La Cour de renvoi, après cassation, se prononce également sur l'action en concurrence déloyale, action qu'elle retient en posant que : " le concurrent de l'éditeur d'un annuaire qui reprend dans une très large mesure ces informations pour les publier à son tour dans son propre annuaire identique, dans des conditions rigoureusement semblables , quant au fond et aux formes, la reproduction servile allant jusqu'à répéter les mêmes inexactitudes ou fautes d'orthographe des noms et des rubriques ( parenthèses, guillemets, particules en majuscule et minuscule, etc.), se livre à des actes de concurrence déloyale constitutifs d'une faute dont le requérant est fondé à demander réparation sur le fondement des dispositions de l'article 1382 C.civ " .[9]

Ainsi, la voie est étroite mais praticable dans la reconnaisance du comportement déloyal résultant de la reproduction d'un produit .

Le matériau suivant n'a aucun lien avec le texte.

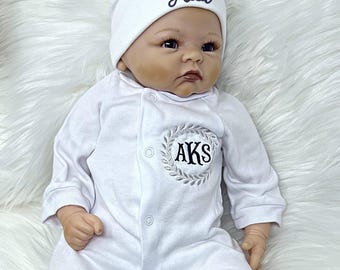 Conjunto personalizado para la llegada a casa del bebé: pijama bordado, gorro con monograma.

Le droit d'interdire l'extraction déloyale , hormis les exceptions dont il est assorti à l'article 8 de la proposition de directive, confère, en revanche, à cette protection un caractère beaucoup plus automatique qui ne permet pas de l'assimiler aux principes plus draconiens régissant l'action en concurrence déloyale .

2. Droit privatif

" Le processus de rconnaissance de droits privatifs continue de nos jours. Son moteur est formé de l'intérêt des individus cherchant à améliorer leur sort . Le droit privatif constitue pour eux un outil intéressant dans la mesure où les fruits de l'usage de la chose ou de son transfert à autrui, constituent une rémunération directe des soins qu'ils en ont pris, des usages inédits qu'ils lui ont trouvés, des acheteurs insoupçonnés qu'ils ont identifiés" . écrit Ejan MACKAAY , posant la "problématique" d'un colloque sur le thème "Nouvelles technologies et propriété"[10].

La tentation d'un droit privatif sur les banques de données est évidente .

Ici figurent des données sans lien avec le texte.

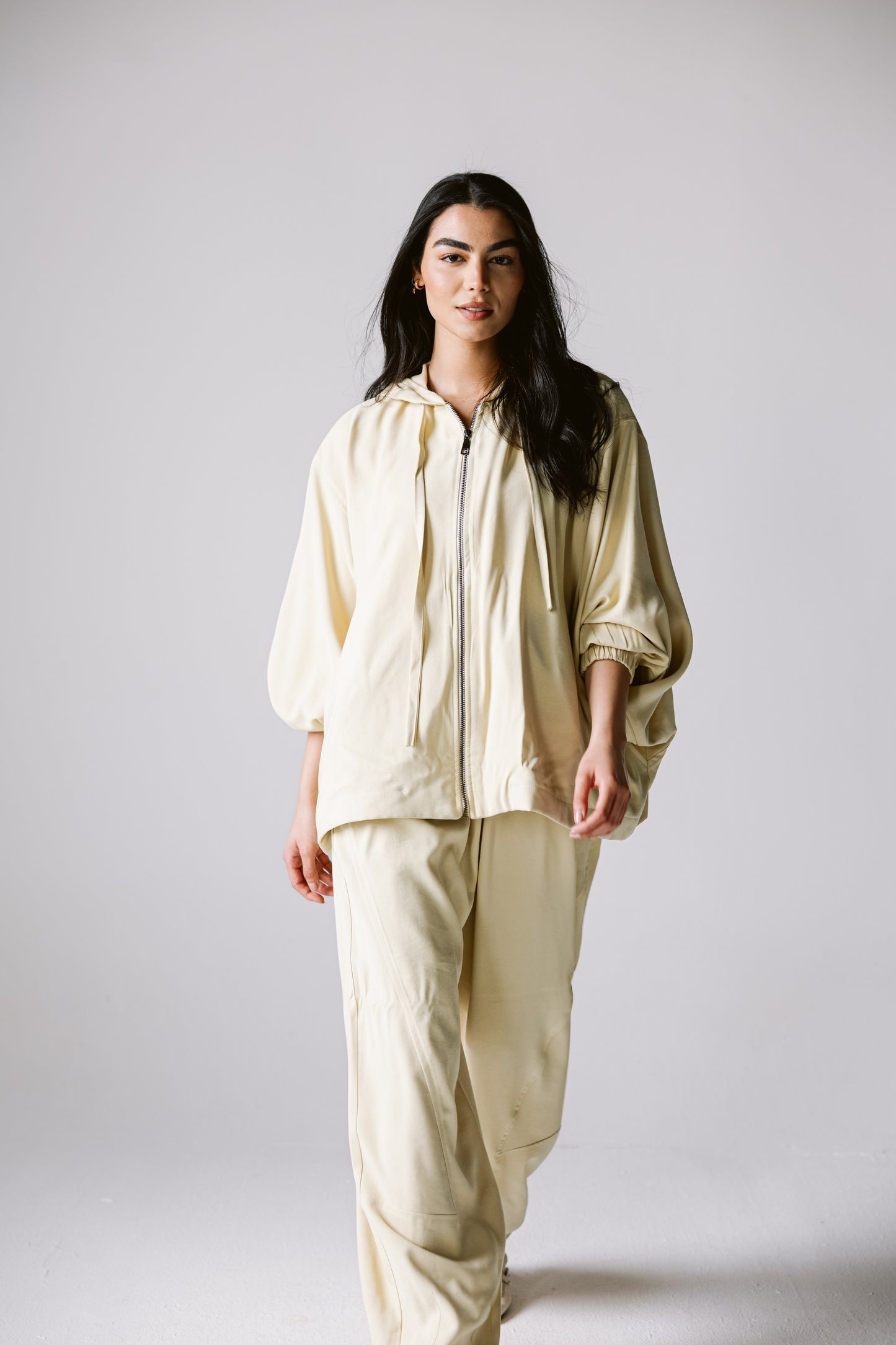 Off Duty set in Butter Yellow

Quelle physionomie la Commission a-t-elle voulu lui donner ?

Droit voisin ou droit spécifique ?

Droit voisin

Les droits voisins du droit d'auteur ont été consacrés , en droit français, par la loi du 3 juillet 1985 [11], autour du noyau dur que constituent les droits produits par l'entreprise audiovisuelle .[12]

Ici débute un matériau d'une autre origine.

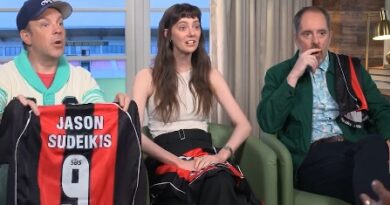 VÍDEO: Elenco de Ted Lasso é presenteado com camisas do Vitória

Ils sont en lien avec le droit d'auteur en ce que leurs titulaires les détiennent, en principe, en raison même de l'existence d'une oeuvre protégée par le droit d'auteur .

Conscient de leur imbrication , le législateur a tenu à préciser que " Les droits voisins ne portent pas atteint aux droits des auteurs . En conséquence, aucune disposition du présent titre ne doit être interprétée de manière à limiter l'exercice du droit d'auteur par ses titulaires".[13]

L'annexion du droit d'empêcher l'extraction déloyale dans la catégorie des droits voisins n'est donc pas possible dans la mesure où l'article 2.5 de la proposition de directive énonce clairement que "ce droit d'interdire l'extraction déloyale du contenu d'une base de données s'applique indépendamment de la protégeabilité de la base de données par le droit d'auteur ..."

En dépit de la proximité de ce droit avec un droit voisin dans les prérogatives accordées au titulaire (faculté d'autoriser ou d'interdire l'exploitation du bien), force est de le ranger dans la catégorie "fourre-tout" et accueillante des droits spécifiques.

Droit spécifique

Il est clair, à présent, que la Commission a voulu établir un droit privatif spécifique pour les créateurs de banques de données .

La Commission l'affirme en son considérant 29, déclarant "qu'une telle protection du contenu d'une base de données doit s'effectuer par un droit spécifique permettant au producteur d'une base de données d'empêcher l'extraction et la réutilisation non autorisés du contenu de la base de données à des fins commerciales..."

Il en a, en tout état de cause, les stigmates.

Monsieur le doyen CARBONNIER , à propos de la propriété littéraire et artistique, rappelle que "la notion de propriété sert à protéger les droits du créateur sur son oeuvre, son pouvoir de l'exploiter économiquement, son monopole (temporaire) d'exploitation".[14]

Prévoir le droit d'interdire est un des attributs des droits privatifs , contrepartie de la propriété, droit de disposer de la chose vis à vis des tiers . L'article 2.5 de la proposition de directive proclame ce droit .

Il y a bien consécration d'un droit privatif .

Ainsi ne nous satisfaisant d'aucune des catégories dans lesquelles nous avons tenté de le circonscrire, nous devons bien convenir que nous sommes en présence d'un droit privatif spécifique .

Il convient d'en mesurer la portée et l'opportunité .

II. Portée du droit d'empêcher l'extraction déloyale

La portée du droit d'empêcher l'extraction déloyale doit s'apprécier tant au regard de la protection effectivement garantie à la banque de données qu'au regard de son incidence sur le droit des propriétés intellectuelles .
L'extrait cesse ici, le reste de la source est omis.